The part of our research concerned with the role of lipoids in normal and abnormal physiology has been almost entirely guided by the concept of an antagonism between the two groups, one with a positive and the other with a negative polar character. This specific aspect has led us to study, together with the fatty acids and the anti fatty acids, other substances related to this antagonism. In the group of lipoacids or acidic lipoids, as obtained from tissues, organs or organisms, we recognized the group of porphyrinic acids, related to various hemes present in the organisms. In the group of anti fatty acids obtained from the same sources, different constituents form the insaponifiable fractions.

As related to this dualistic aspect we have studied another group of substances, which appear to act in the organism against the anti fatty acids themselves.
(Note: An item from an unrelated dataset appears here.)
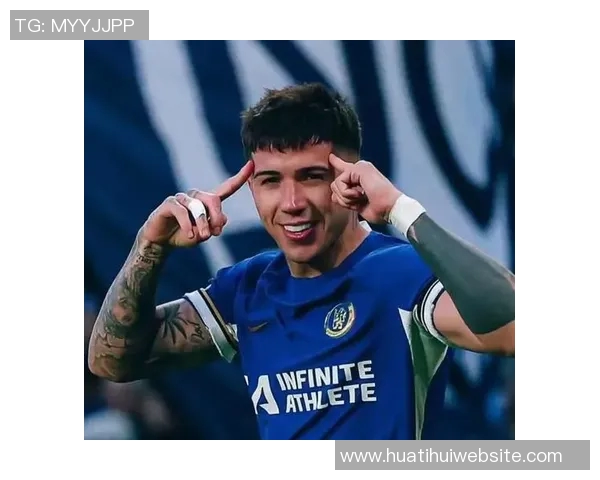 恩佐与加纳乔共同探讨切尔西圣诞慈善活动的足球团结力量 恩佐与加纳乔共同探讨切尔西圣诞慈善活动的足球团结力量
These other substances would represent a kind of biological brake to counteract an exaggerated intervention of anti fatty acid constituents.

We have made a special investigation of two substances of this group, glucuronic and sulfuric acid anions, which characteristically seem to oppose certain anti fatty acid substances. These substances appear as a result of an exaggerated oxidation of normal metabolites. Under abnormal conditions, the oxygen resulting from the intervention of peroxide may be fixed to carbohydrates even before they have undergone the preliminary fermentative transformations seen in normal metabolism. With the aldehyde group bound to phosphoric acid, the oxidation takes place at C6, the second most reactive carbon in the molecule. This direct oxidation would represent, according to our view, one of the sources of glucuronic acid. Similarly the sulfuric anion would result from the oxidation of sulfur present in the organism. They correspond to the oxygen phase of offbalance D.